Top of Data shown
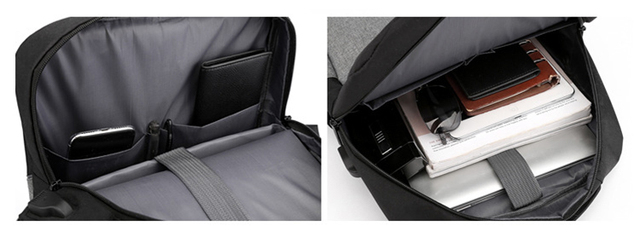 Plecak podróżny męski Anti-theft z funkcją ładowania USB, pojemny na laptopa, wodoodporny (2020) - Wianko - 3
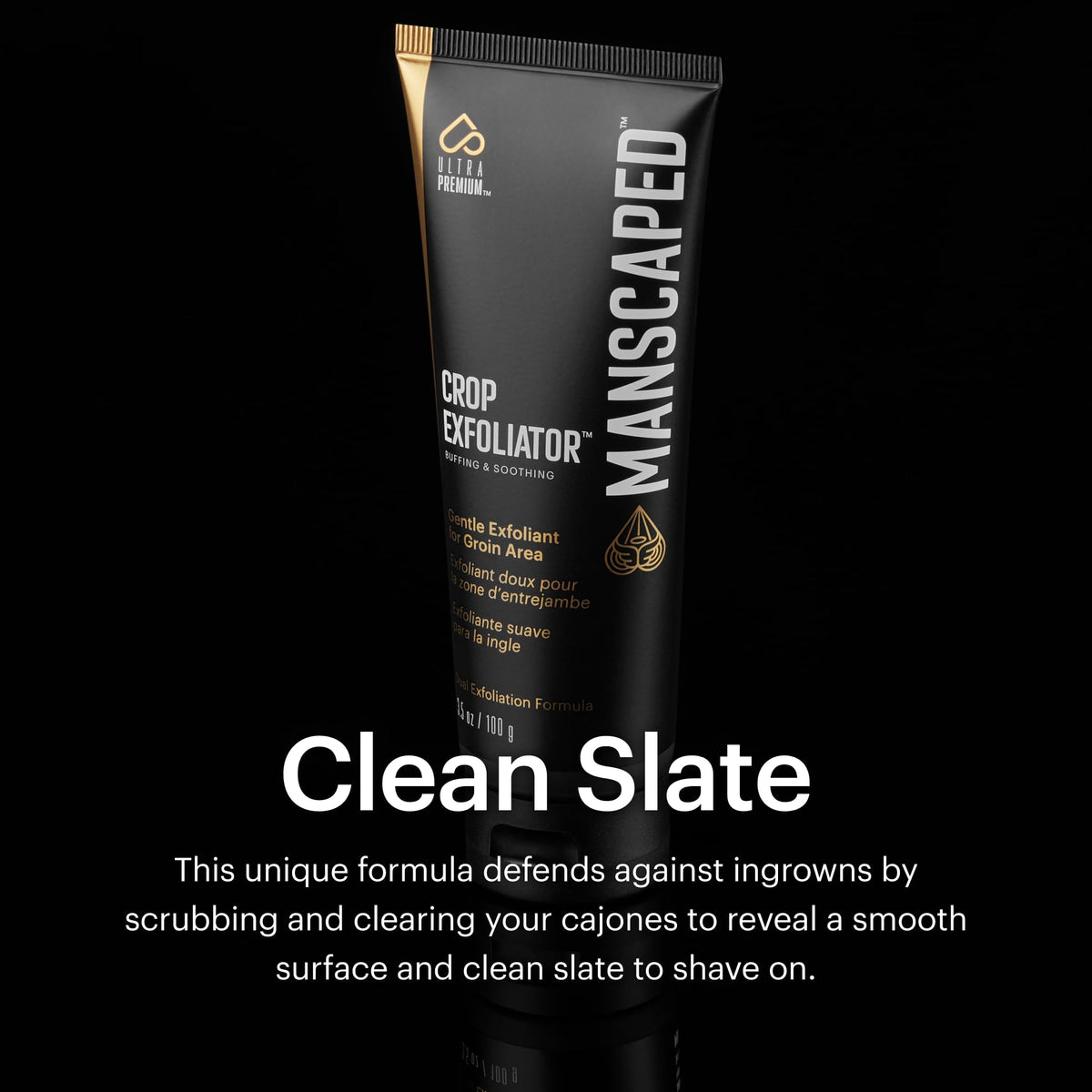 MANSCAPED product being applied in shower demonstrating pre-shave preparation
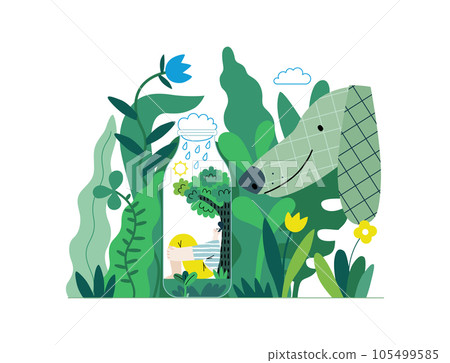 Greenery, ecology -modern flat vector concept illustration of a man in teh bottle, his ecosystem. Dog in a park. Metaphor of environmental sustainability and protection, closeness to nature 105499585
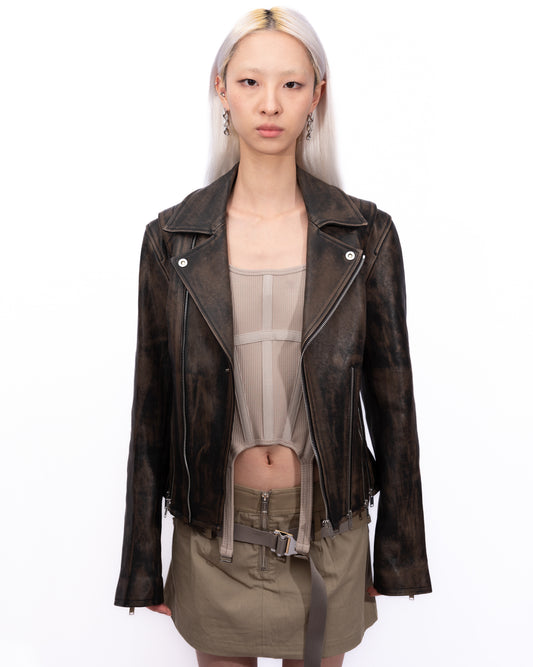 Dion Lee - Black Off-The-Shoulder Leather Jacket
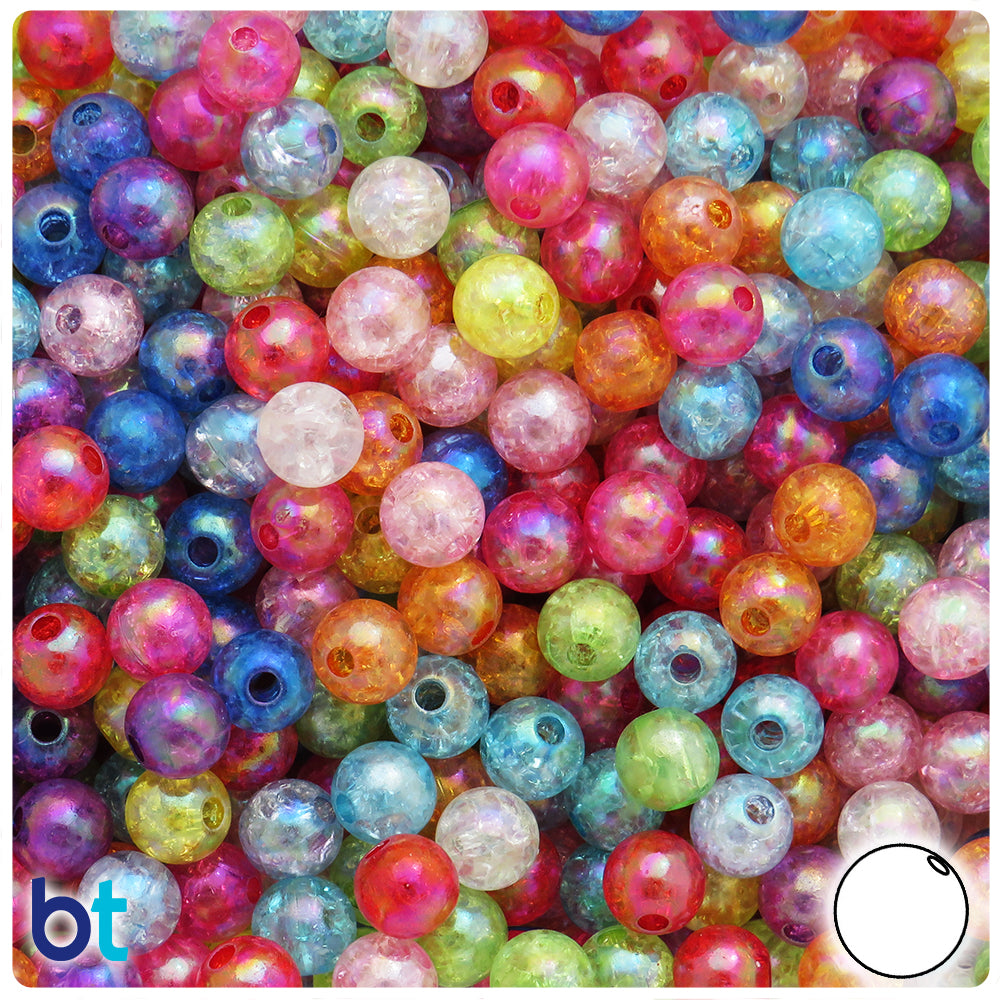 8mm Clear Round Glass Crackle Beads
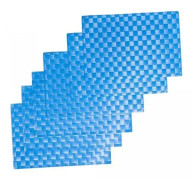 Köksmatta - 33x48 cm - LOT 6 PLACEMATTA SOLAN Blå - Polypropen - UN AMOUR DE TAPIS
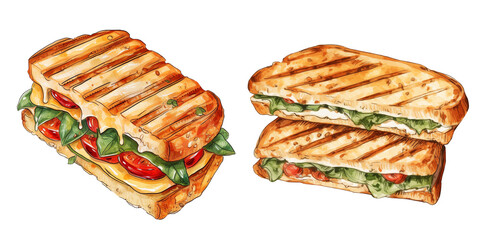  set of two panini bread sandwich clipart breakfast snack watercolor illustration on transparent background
Bottom of Data shown
Omit every picture, and please return the entries exactly from the first line through the line with "Köksmatta - 33x48", both included.

» Completed exercise:
 Plecak podróżny męski Anti-theft z funkcją ładowania USB, pojemny na laptopa, wodoodporny (2020) - Wianko - 3
 MANSCAPED product being applied in shower demonstrating pre-shave preparation
 Greenery, ecology -modern flat vector concept illustration of a man in teh bottle, his ecosystem. Dog in a park. Metaphor of environmental sustainability and protection, closeness to nature 105499585
 Dion Lee - Black Off-The-Shoulder Leather Jacket
 8mm Clear Round Glass Crackle Beads
 Köksmatta - 33x48 cm - LOT 6 PLACEMATTA SOLAN Blå - Polypropen - UN AMOUR DE TAPIS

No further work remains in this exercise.